Retail: Gaining National Exposure
The Upstate retail market is gaining national exposure. Boosted by strong
demographics and a diverse economy, the Upstate posted over $19 billion
in retail sales in 2000, and is well positioned to remain South Carolina's
leading retail market. In fact, the retail market's strength under girded
by the bustling industrial and office markets has caught the attention
of and resulted in the location of a number of new national chains into
the area. Old Navy, B.J.'s Wholesale Club, Bed, Bath and Beyond, Zainy
Brainy and Party City have invaded the power centers and malls throughout
the Upstate. These are exciting times for the Upstate retail market.

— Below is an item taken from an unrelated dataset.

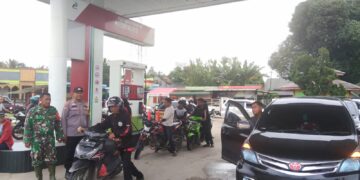 Polsek Bunut Monitoring Stok BBM di SPBU Lubuk Terap, Antrean Dipicu Keterbatasan Pasokan di SPBU Lain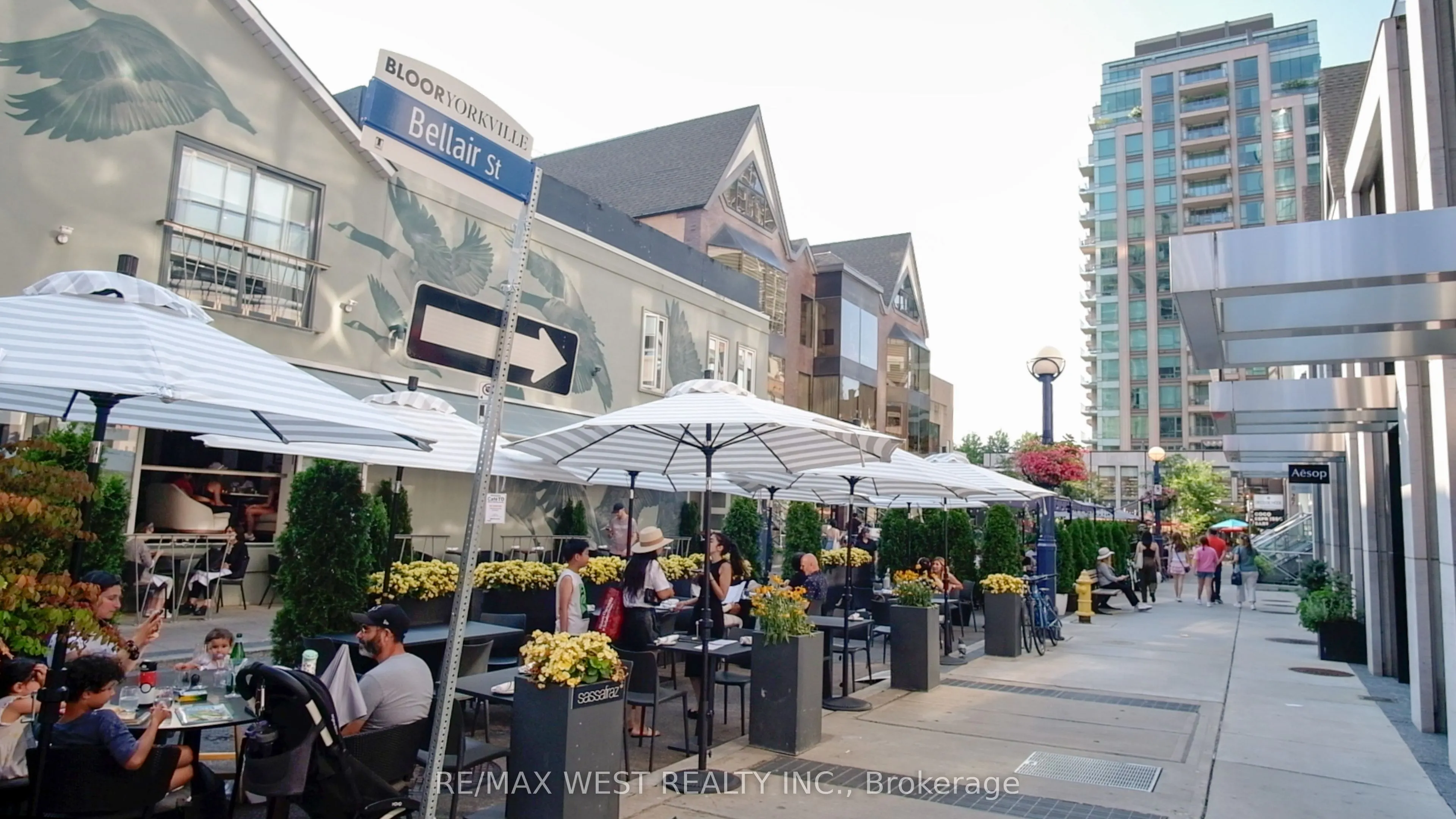 1001 Bay Street, #2002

With nearly 11 million square feet in Greenville County and approximately
5 million square feet in Spartanburg County, both counties boast significant
retail development. Market observers estimate a 10 percent vacancy rate
in Spartanburg and a slightly lower 8 percent vacancy in Greenville. As
both counties have experienced significant growth in recent years, much
of the vacancy has resulted from the relocation of retailers into newer
growth areas. One notable exception to this vacancy trend has been the
permanent closing of more than five Winn Dixie grocery stories in the
Upstate.
One of the major retail trends has been redevelopment. In Greenville,
the new 400,000-square-foot power center known as Cherrydale Point exemplifies
this redevelopment renaissance. Formerly a cut and sew manufacturing site,
this northern Greenville County area was underserved and the new center,
complete with Old Navy as anchor, will fill this gap. Jamie Lominack,
a retail broker with the Spartanburg brokerage firm of Cleveland White
& Associates, notes a similar trend in Spartanburg. He cites the redevelopment
of a Spartanburg County high school site located in the middle of a well-established
retail district into a Super Wal-Mart and strip retail center.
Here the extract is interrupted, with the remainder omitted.